Sri Lanka keeps schools shut amid fuel crisis
Authorities also announced countrywide power cuts of up to three hours a day from Monday because they can't supply enough fuel to power generating stations.
Sri Lanka extended school closures for one more week starting July 4 amid unprecedented fuel crisis, the education ministry announced on Sunday. The government and state-approved private schools will remain closed for a week as there's not enough fuel for teachers and parents to get children to classrooms.
The Sri Lankan minister said the school will cover the syllabus in the next vacation term.
Last month, the schools were shut nationwide for a day due to fuel shortages and remained closed in the urban areas for the last two weeks.
Sri Lanka education ministry announced that "all government and government-approved private schools in Colombo city limits, as well as schools in other main cities in the other provinces, will be closed during the next week due to prolonged power cuts," Daily Mirror reported.
Country's education ministry secretary Nihal Ranasinghe asked the schools to conduct online classes. Meanwhile, the schools at the divisional level have been allowed to conduct classes with less number of students under conditions that transportation difficulties do not affect the students, teachers and principals.

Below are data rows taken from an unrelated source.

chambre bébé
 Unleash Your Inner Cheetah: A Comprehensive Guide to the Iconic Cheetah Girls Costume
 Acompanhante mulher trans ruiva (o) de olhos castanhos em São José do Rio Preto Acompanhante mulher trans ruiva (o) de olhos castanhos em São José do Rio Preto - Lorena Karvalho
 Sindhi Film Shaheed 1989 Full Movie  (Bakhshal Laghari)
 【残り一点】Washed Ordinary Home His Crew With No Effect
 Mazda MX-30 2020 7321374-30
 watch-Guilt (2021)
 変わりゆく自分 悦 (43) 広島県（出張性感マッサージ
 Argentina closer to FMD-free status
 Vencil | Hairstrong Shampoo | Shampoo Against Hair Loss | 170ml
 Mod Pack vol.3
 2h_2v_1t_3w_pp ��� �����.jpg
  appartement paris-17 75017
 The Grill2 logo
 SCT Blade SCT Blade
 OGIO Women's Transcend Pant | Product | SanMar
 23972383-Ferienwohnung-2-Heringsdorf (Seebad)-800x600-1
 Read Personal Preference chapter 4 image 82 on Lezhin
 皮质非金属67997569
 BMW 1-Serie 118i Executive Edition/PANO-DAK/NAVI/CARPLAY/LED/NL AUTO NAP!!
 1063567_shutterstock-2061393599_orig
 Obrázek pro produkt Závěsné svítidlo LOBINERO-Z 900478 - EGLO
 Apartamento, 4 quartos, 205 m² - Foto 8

Ranasinghe announced that the Public Utilities Commission of Sri Lanka (PUCSL) has agreed not to have power cuts from 08.00am to 01.00pm to facilitate online teaching on weekdays, the Daily Mirror reported.
Sri Lanka has been witnessing an unprecedented economic crisis since the country's independence in 1948. The economic crisis sparked protests and political unrest leading to the resignation of Mahinda Rajapaksa as Sri Lanka's prime minister.
The cash-strapped nation has been getting most of its fuel needs from neighbouring India, which provided it with a credit line. The Sri Lankan government said it was also negotiating with suppliers in Russia and Malaysia. The government has appealed to the Sri Lankan expatriates to send money home through the banks to pay for new oil purchases.